By Order of the Board

Elate Holdings Limited

Vivian Lam

Company Secretary

Hong Kong, 27 April 2026


  • 4 -

Notes:

(i) The Company will conduct the Annual General Meeting by way of a virtual meeting (“Online AGM”). Both registered Shareholders and non-registered Shareholders can (i) attend the Online AGM and vote by way of electronic means; or (ii) exercise their right to vote at the Online AGM by appointing their own proxy or the Company’s designated proxy(ies), to act as their proxy.

By logging in the dedicated online platform, Shareholders will be able to listen to a live webcast of the Online AGM, submit questions, and cast vote in real-time.

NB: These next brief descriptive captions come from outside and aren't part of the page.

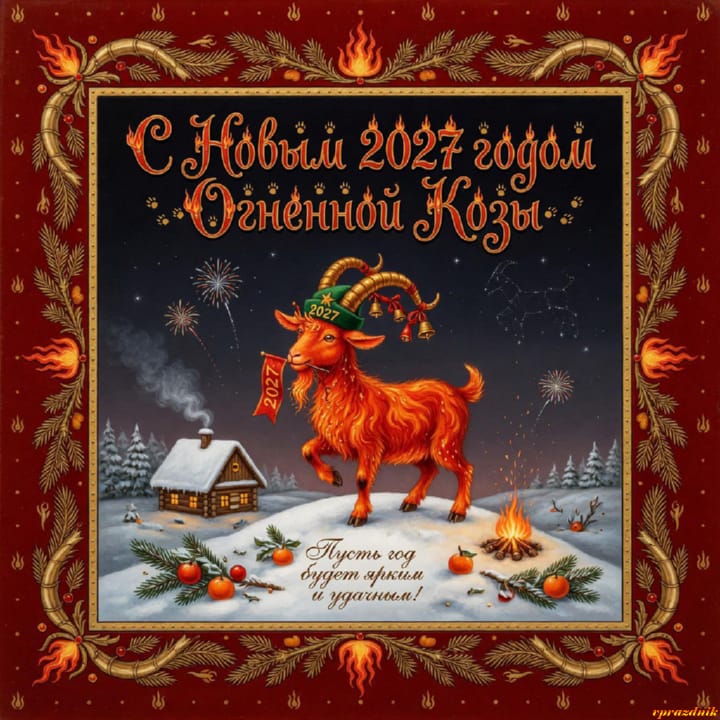 с Новым годом 2027 Огненной Козы, открытка №72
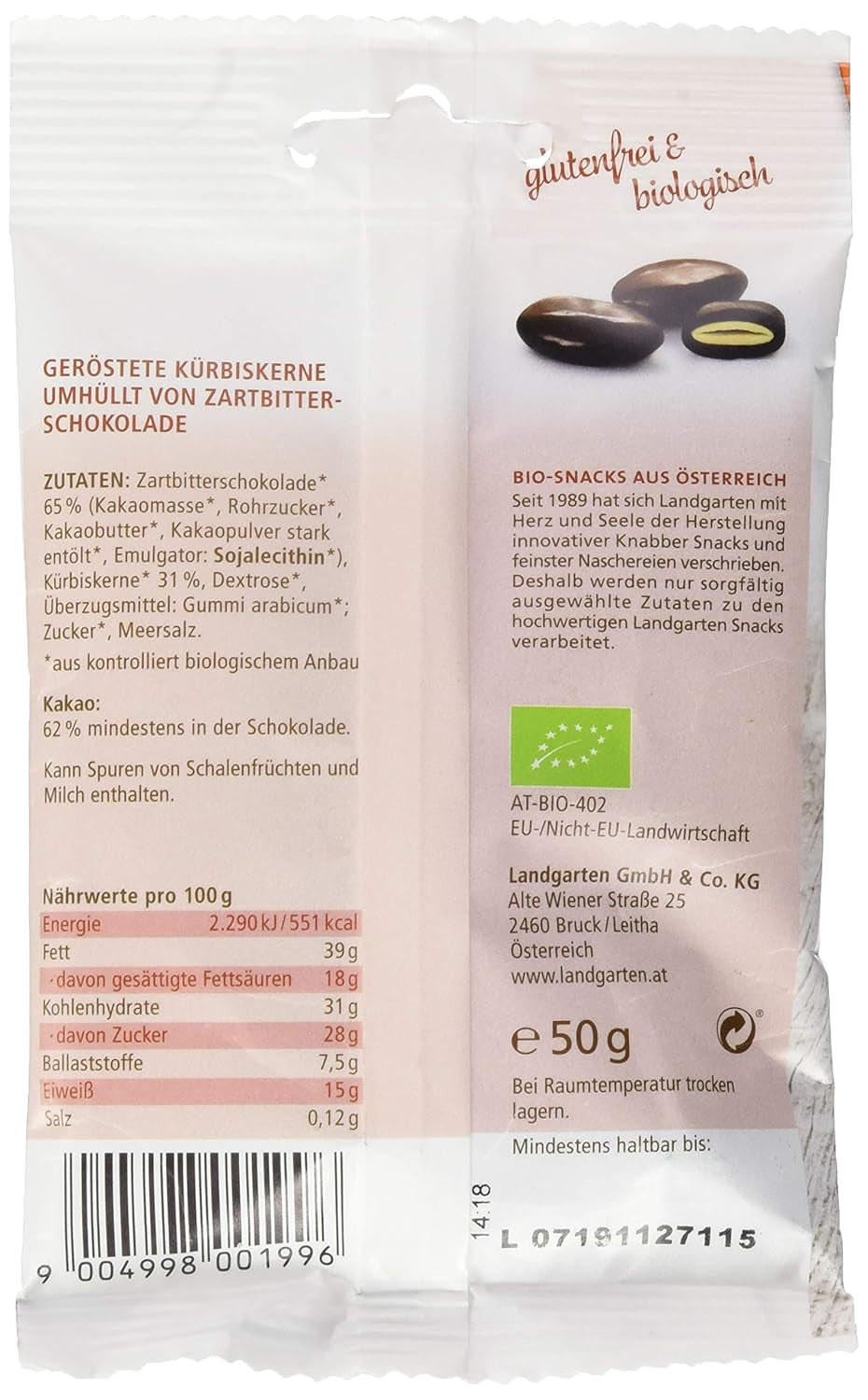 Semințe de dovleac organice Landgarten în ciocolată neagră – Gustare vegană de ciocolată cu semințe de dovleac prăjite – Sursă de magneziu – 1 x 50 g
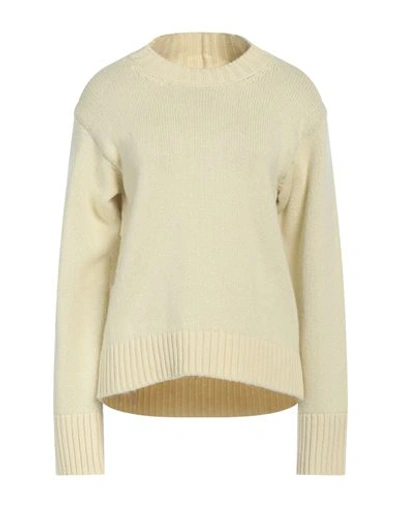 Jil Sander Woman Sweater Pastel Yellow Size 6 Cashmere, Cotton, Polyester
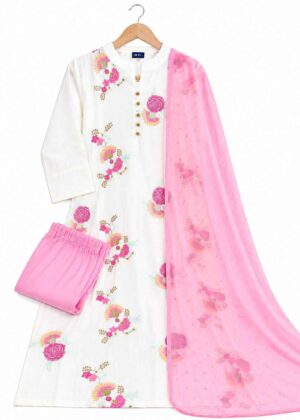 White with Pink Pearl Elegance 3 Piece Set-HIFI545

(ii) The online platform will be opened for registered Shareholders and non-registered Shareholders to log in 30 minutes prior to the commencement of the Annual General Meeting, and only those Shareholders who logged in 5 minutes before the start of the Online AGM will be entitled to attend and vote at the Online AGM. The online platform can be accessed from any location with internet connection by a smart phone, tablet device or computer. Shareholders should allow ample time to check into the online platform to complete the login procedure and remain logged in until the commencement of and during the Online AGM. For online voting, Shareholders can refer to the enclosed notification letter and the Online Meeting User Guide for details. Any missed contents as a result of connection issues arise from the Shareholders will not be repeated.

(iii) A member entitled to attend and vote at the above Meeting is entitled to appoint one or more proxies to attend and vote instead of him. A proxy need not be a member of the Company.

(iv) Where there are joint holders of any share of the Company, any one of such joint holders may vote at the Meeting, either personally or by proxy, in respect of such share as if he was solely entitled thereto, but if more than one of such joint holders be present at the Meeting personally or by proxy, that one of the said persons so present whose name stands first on the Register of Members of the Company in respect of such share shall alone be entitled to vote in respect thereof.

(v) The instrument appointing a proxy and the power of attorney or other authority, if any, under which it is signed, or a notarially certified copy of such power of attorney or authority, must be lodged with the Company’s share registrar, Computershare Hong Kong Investor Services Limited at 17M Floor, Hopewell Centre, 183 Queen’s Road East, Wan Chai, Hong Kong for registration not less than 48 hours before the time appointed for holding the Meeting.

(vi) The register of members of the Company will be closed from Tuesday, 2 June 2026 to Friday, 5 June 2026, both days inclusive, during which period no transfer of shares of the Company will be registered. In order to qualify for attending and voting at the Meeting, all transfers accompanied by the relevant share certificates must be lodged with the Company’s share registrar, Computershare Hong Kong Investor Services Limited, at Shops 1712-1716, 17th Floor, Hopewell Centre, 183 Queen’s Road East, Wan Chai, Hong Kong for registration not later than 4:30 p.m. on Monday, 1 June 2026.

As at the date of this notice, the board of directors comprised of Mr. Feng Zhong Yun and Ms. Zhang Xue being executive directors; Mr. Ng Lai Po, Ms. Ye Yi Fan and Dr. Yan Shao Shi being independent non-executive directors.